**EXERCISE INSTRUCTIONS:**
Entries follow. Give back exactly the lines starting at the one containing "Cartoon illustration of" and ending at the one containing "Deska 14 z Tauromaquia: Velmi", and no other lines.

**MATERIAL TO PROCESS:**
┄┄┄┄┄┄

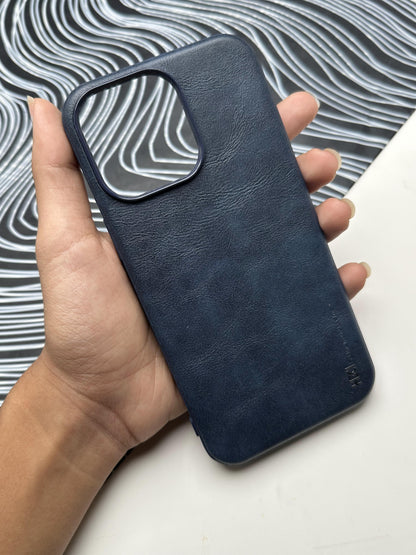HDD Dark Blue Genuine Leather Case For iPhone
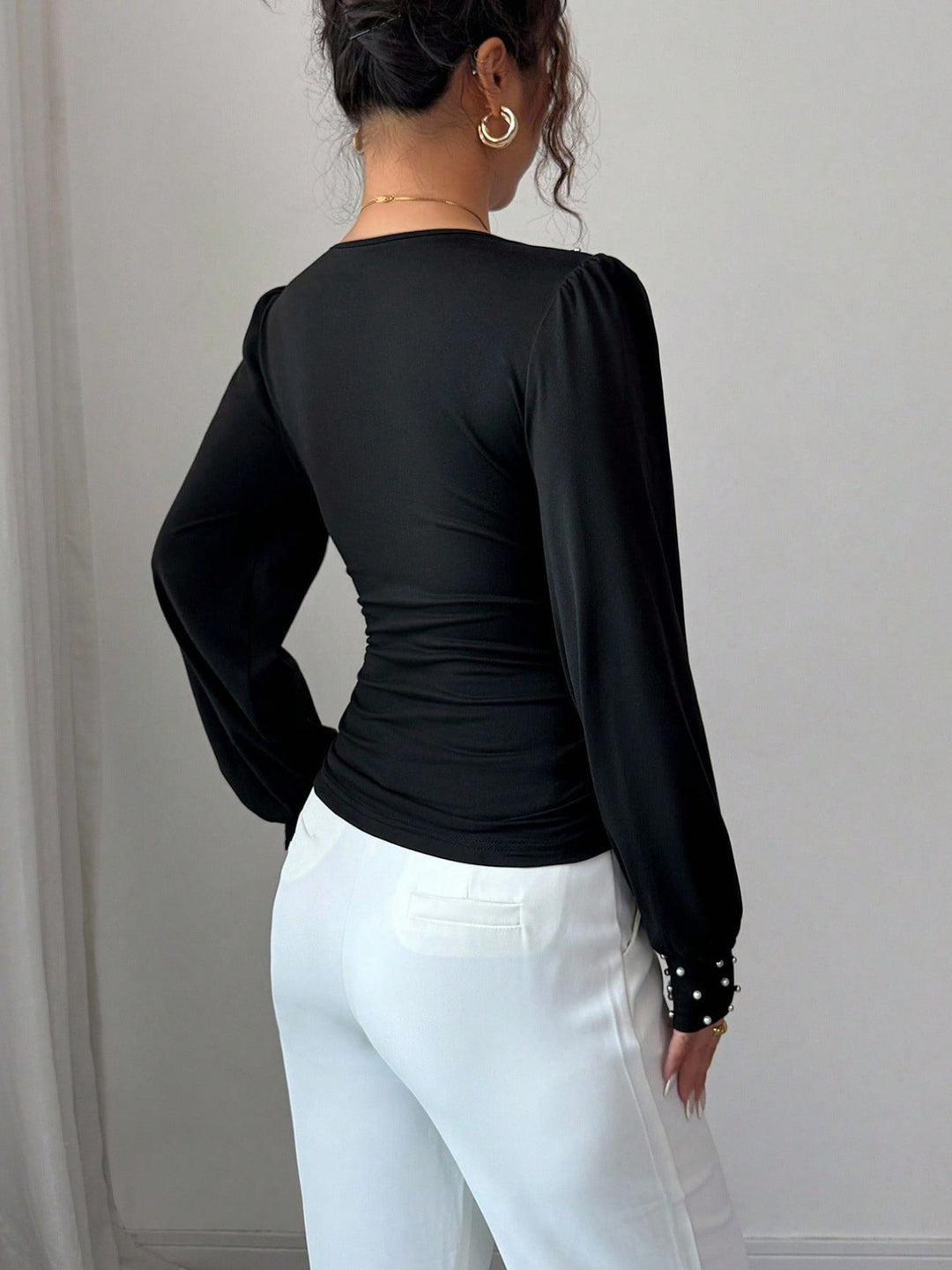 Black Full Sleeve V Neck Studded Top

┄┄┄┄┄┄

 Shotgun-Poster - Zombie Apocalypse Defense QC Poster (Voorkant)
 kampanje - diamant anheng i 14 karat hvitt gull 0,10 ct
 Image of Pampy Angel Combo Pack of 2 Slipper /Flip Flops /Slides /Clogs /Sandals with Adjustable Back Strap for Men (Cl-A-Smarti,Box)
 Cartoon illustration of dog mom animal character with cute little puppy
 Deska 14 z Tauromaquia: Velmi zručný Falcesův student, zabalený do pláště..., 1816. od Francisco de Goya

┄┄┄┄┄┄

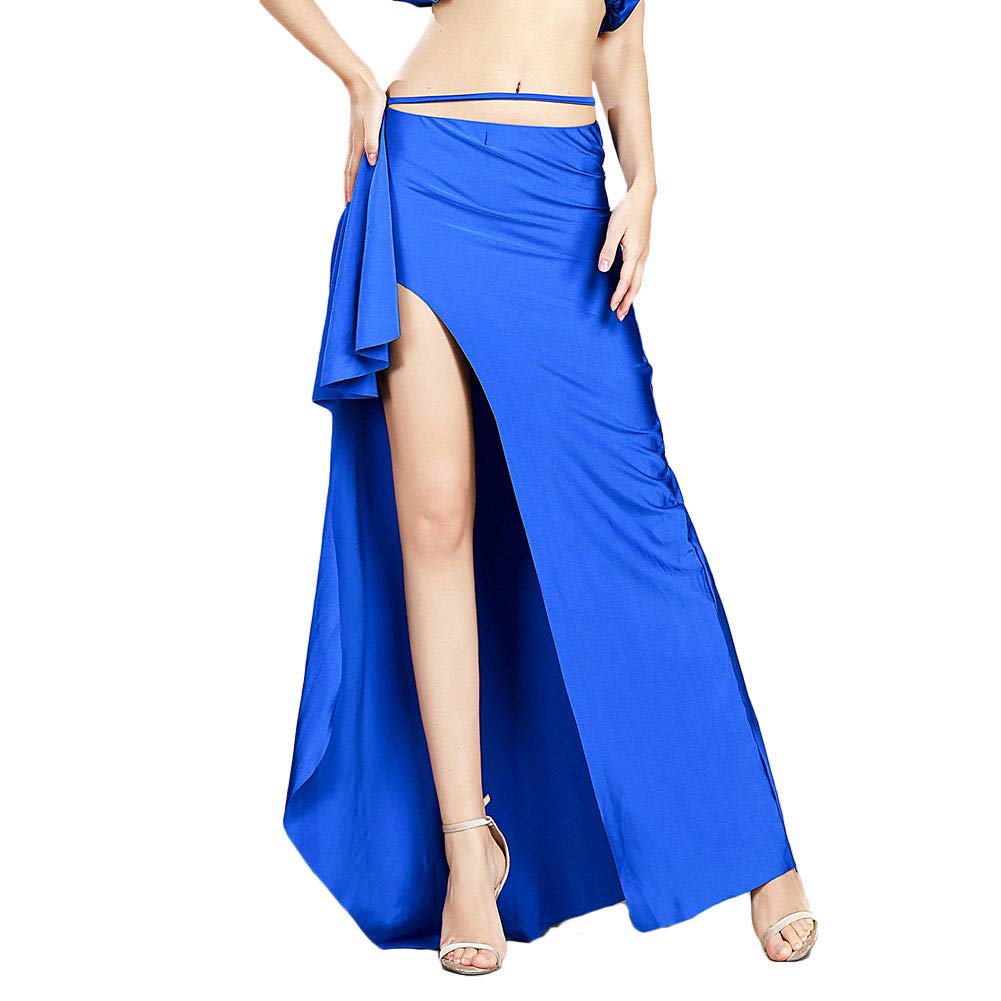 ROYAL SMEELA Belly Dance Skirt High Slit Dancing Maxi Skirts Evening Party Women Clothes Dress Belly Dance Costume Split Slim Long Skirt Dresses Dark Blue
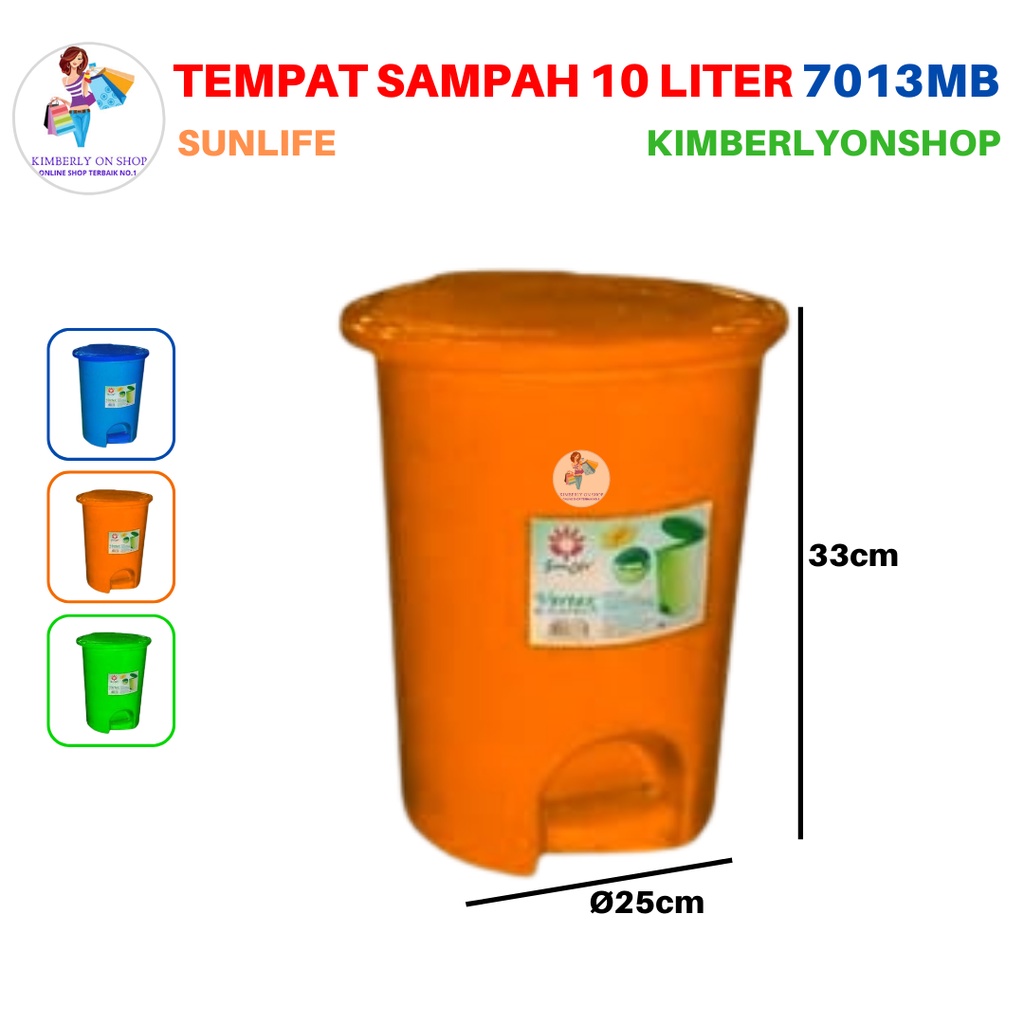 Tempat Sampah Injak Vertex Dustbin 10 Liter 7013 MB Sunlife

┄┄┄┄┄┄

**ANSWER SPACE:**
 Cartoon illustration of dog mom animal character with cute little puppy
 Deska 14 z Tauromaquia: Velmi zručný Falcesův student, zabalený do pláště..., 1816. od Francisco de Goya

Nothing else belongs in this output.